I confessed that I was unable to guess his motive.
"Well, then, listen to me. Your article was written with a good deal of youthful power; but it was thoroughly false. You spoke of what you did not know. I thought it was my duty to guard you from future errors, especially as I felt that you were a young man standing upon the threshold of life, about to enter upon a career of great mischief or great usefulness. Then you are of my own blood—but there is no need of apologies. You have come, as I thought you would."
"It was especially my sentiments regarding Norsewomen, I believe, that you objected to," I said hesitatingly; for in spite of his fine eyes, my friend still impressed me as an unknown quantity, and I mentally labelled him x, and determined by slow degrees to solve his equation.
"Yes," he answered; "your sentiments about Norsewomen, or rather about women in general. They are made very much of the same stuff the world over. I do not mind telling you that I speak from bitter experience, and my words ought, therefore, to have the more weight."
"Your experience must have been very wide," I answered by way of pleasantry, "since, as you hint, it includes the whole world."
He stared for a moment, did not respond to my smile, but continued in the same imperturbable monotone:
"When God abstracted that seventh or ninth rib from Adam, and fashioned a woman of it, the result was, entre nous, nothing to boast of. I have ever ceased to regret that Adam did not wake up in time to thwart that hazardous experiment. It may have been necessary to introduce some tragic element into our lives, and if that was the intention, I admit that the means were ingenious. To my mind the only hope of salvation for the human race lies in its gradual emancipation from that baleful passion which draws men and women so irresistibly to each other. Love and reason in a well-regulated human being, form at best an armed neutrality, but can never cordially co-operate. But few men arrive in this life at this ideal state, and women never. As it is now, our best energies are wasted in vain endeavors to solve the matrimonial problem at the very time when our vitality is greatest and our strength might be expended with the best effect in the service of the race, for the advancement of science, art, or industry."
"But would you then abolish marriage?" I ventured to ask. "That would mean, as I understand it, to abolish the race itself."
"No," he answered calmly. "In my ideal state, marriage should be tolerated; but it should be regulated by the government, with a total disregard of individual preferences, and with a sole view to the physical and intellectual improvement of the race. There should be a permanent government commission appointed, say one in each State consisting of the most prominent scientists and moral teachers. No marriage should be legal without being approved and confirmed by them. Marriage, as it is at present, is, in nine cases out of ten, an unqualified evil; as Schopenhauer puts it, it halves our joys and doubles our sorrows—"

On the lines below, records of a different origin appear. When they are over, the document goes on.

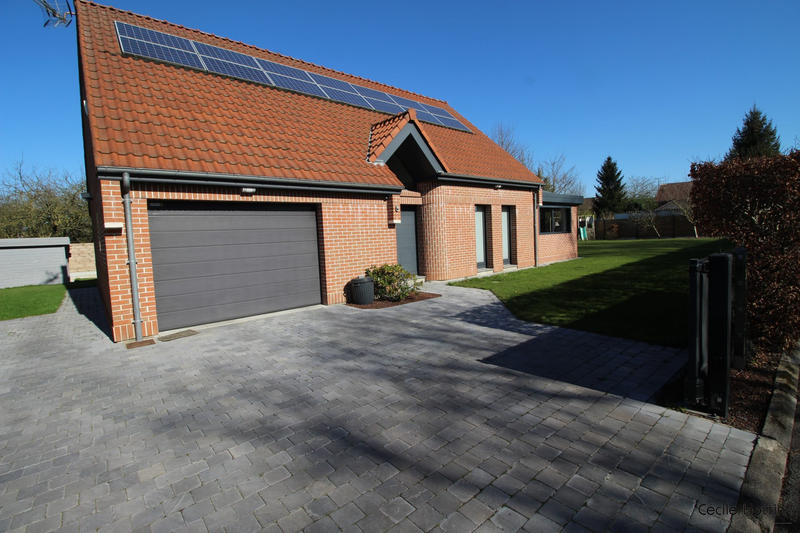 Maison - 153 m² - 5 pièces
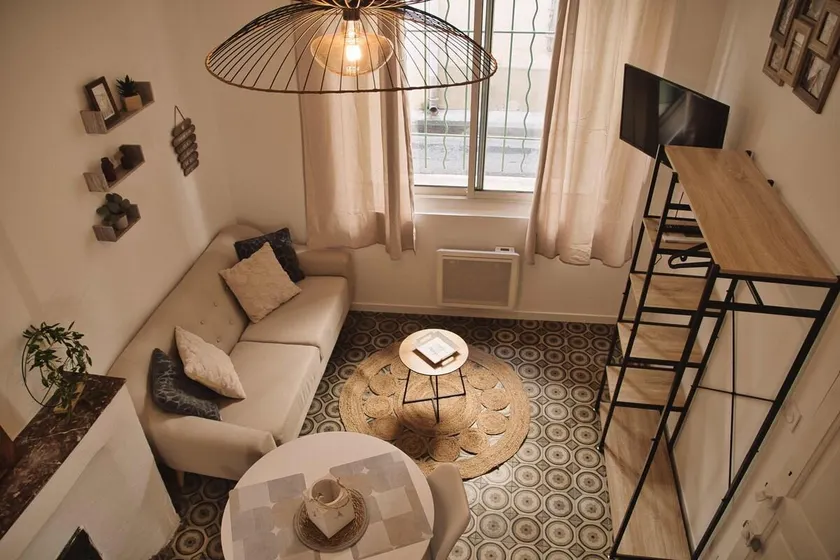 Logement cosy centre Beaucaire - C2 - Image 1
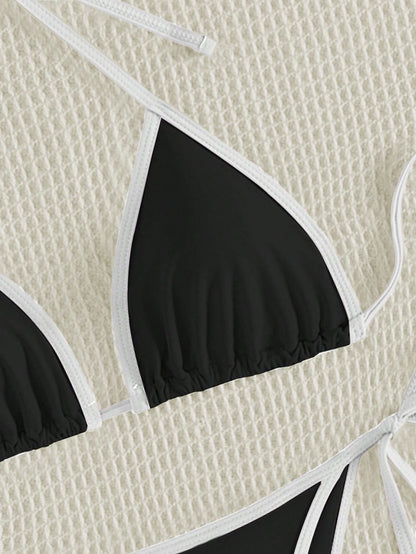 Bikini Triangular Halter Blanco y Negro con Ribete Contrastante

"And triples our expenses," I prompted, laughing.
"And triples our expenses," he repeated gravely. "Talk about finding your affinity and all that sort of stuff! Supposing the world to be a huge bag, as in reality it is; then take several hundred million blocks, representing human beings, and label each one by pairs, giving them a corresponding mark and color. Then shake the whole bag violently, and you will admit that the chances of an encounter between the two with the same label are extremely slim. It is just so with marriage. It is all chance—a heartless, aimless, and cruel lottery. There are more valuable human lives wrecked every hour of the day in this dangerous game than by all the vices that barbarism or civilization has ever invented."
I hazarded some feeble remonstrance against these revolutionary heresies (as I conceived them to be), but my opponent met me on all sides with his inflexible logic. We spent several hours together without at all approaching an agreement, and finally parted with the promise to dine together and resume the discussion the next day.
This was the beginning of my acquaintance with the pessimist, Edmund Storm.